En route to the Serpentine with Fiona for a swim this morning, I was stopped in Hyde Park by someone who introduced himself as a civil servant. He worked for one of those ministers who had yesterday tweeted out their support for Durham Dom as part of ‘Cabinet Operation, Nodding Dog Obedience.’ (CONDO, not to be confused with COBRA, to which Boris Johnson gives far less attention, and would certainly not disturb his weekend).
‘Keep going,’ he said, referring to my attempts to expose the charlatans in power under Chief Charlatan Johnson and Deputy Chief Charlatan Cummings for what they are. ‘However bad you think these people are,’ he added, ‘believe me, they are a lot worse.’
As I found when working in Downing Street, the civil service across Whitehall and beyond is full of basically decent people, some a bit low energy maybe, some truly exceptional, the majority good loyal people dedicated to the country and to their work. For political animals like me, it is sometimes hard to understand how you could work one minute for a Tory, the next a Labour minister, but good civil servants can, because they are able to separate politics from policy, personalities from ideas, and without that our system would not properly function.
So when I asked this guy how he coped with ‘these people,’ if they really are that bad, he said he might one day decide to give it up, but until that day, ‘I just have to get on and help the best I can.’
It is a story I hear pretty often; that the government under Johnson doesn’t really function as most imagine that a government might do, even those who work inside it; that civil servants are exasperated at the low standards of much of the work of special advisers and ministers; that basic decencies and respect for the civil service are largely absent from ministers and their political advisers; that few of those ministers have made much effort to get political and non-political advisers to work together; that the ones who do are seen as ‘a bit soft,’ because it means they are not buying into the Brextremist fantasy that the civil service is riddled with Remain plants and infiltrators; and, as the Foreign Office discovered when Johnson was there, they are not terribly interested in the detail of the big issues and challenges facing the country and the world.
Today was something of a rarity for Johnson. Working on a Sunday; and facing, though not answering, questions. He was, he told the country, ‘so determined’ to come and answer the questions about Cummings, and put at rest any suspicions people might have that there was one law for them and another for the people who had put them in power.

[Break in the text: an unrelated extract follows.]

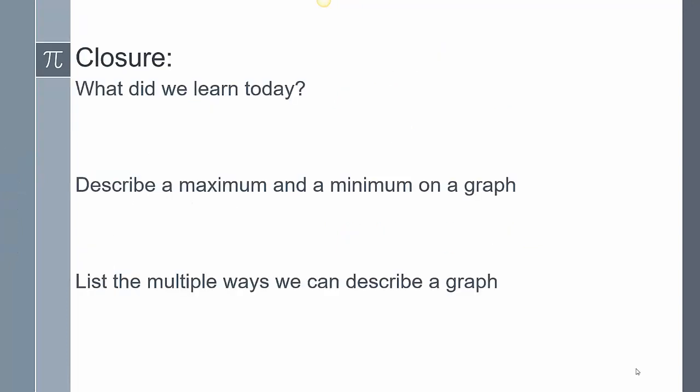In closing today's lesson, we talked about maximums and minimums of a graph and intervals of increasing and decreasing, and included all the previous ways to describe a graph. In your own words, describe a maximum and minimum and how to find them — even including how they relate to the definition. Also list the multiple ways we can describe a graph that we've learned since the beginning of class. This concludes our lesson; please leave any questions in the comments.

If only he had been ‘so determined’ at defeating the virus.
There were several low points, but among the lowest … the suggestion that Cummings was motivated in travelling to Durham not just by his paternal instinct, but to stop the spread of the virus; and the observation that it was some kind of nationalist free for all around the world that led the UK to have a shortage of PPE … it was, in fact, that we were woefully unprepared and that as other countries stepped up, he went off on not just one but two holidays and when he finally came back it was to shake hands at rugby matches and in hospitals, and wonder what all the fuss was about.
People would not perhaps mind this recent episode so much if they felt that we were being well led, by an honest, hard-working, dedicated leader with his heart in the right place, and that he was surrounded by effective, capable, competent ministers and advisers, together ensuring that all that needed to be done to get us through the crisis was properly being done, most people would not give a damn about Dom.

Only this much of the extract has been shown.